*** Opening of Data block ***

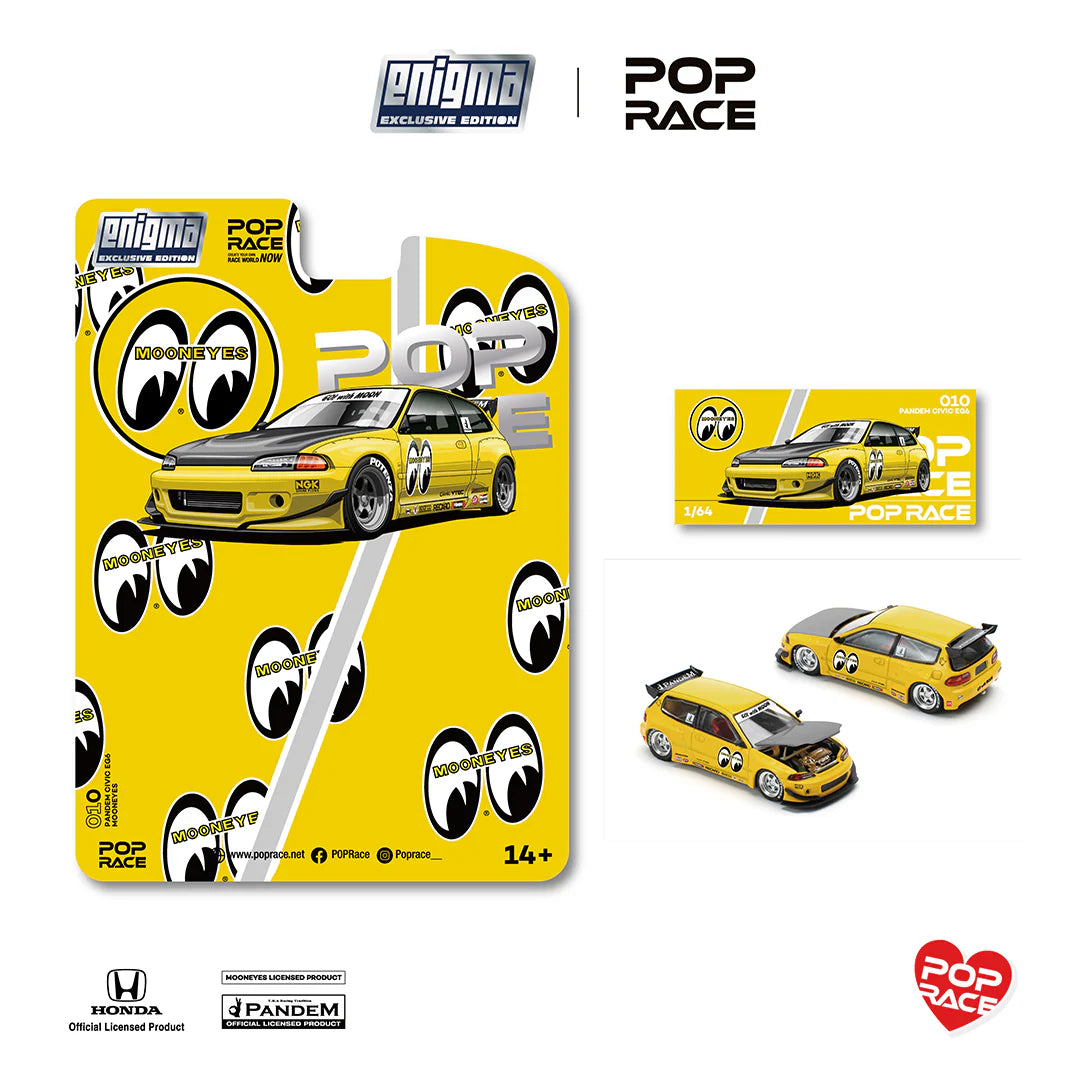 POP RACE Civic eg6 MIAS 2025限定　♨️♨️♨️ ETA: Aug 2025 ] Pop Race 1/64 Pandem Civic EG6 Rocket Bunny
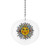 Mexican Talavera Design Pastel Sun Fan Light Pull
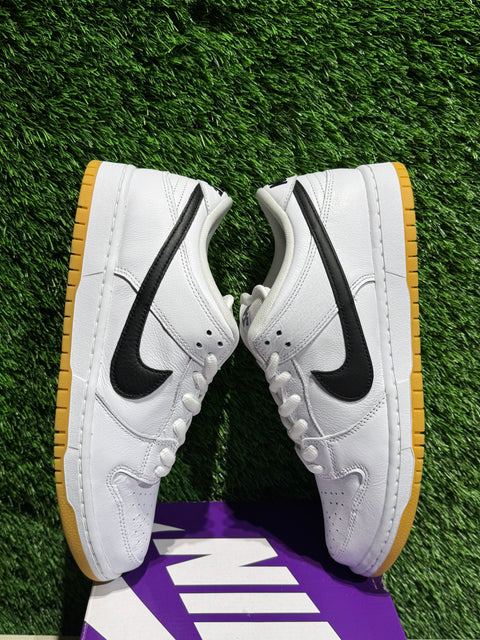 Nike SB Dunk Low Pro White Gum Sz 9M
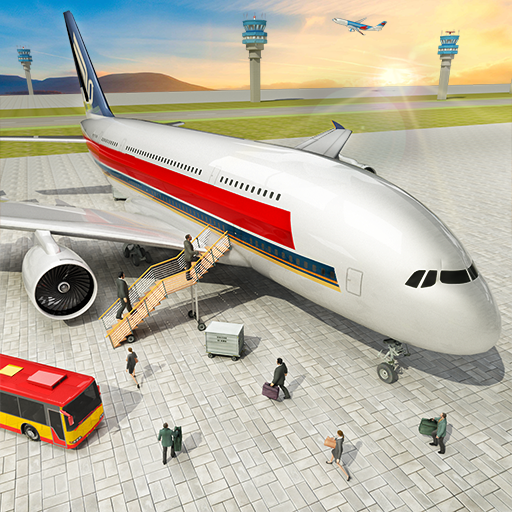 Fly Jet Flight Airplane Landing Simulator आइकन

*** Close of Data block ***

→ **Prompt**
Leave the pictures out and return the rest of the listing exactly.

→ **Response to the exercise**
 POP RACE Civic eg6 MIAS 2025限定　♨️♨️♨️ ETA: Aug 2025 ] Pop Race 1/64 Pandem Civic EG6 Rocket Bunny
 Mexican Talavera Design Pastel Sun Fan Light Pull
 Nike SB Dunk Low Pro White Gum Sz 9M
 Fly Jet Flight Airplane Landing Simulator आइकन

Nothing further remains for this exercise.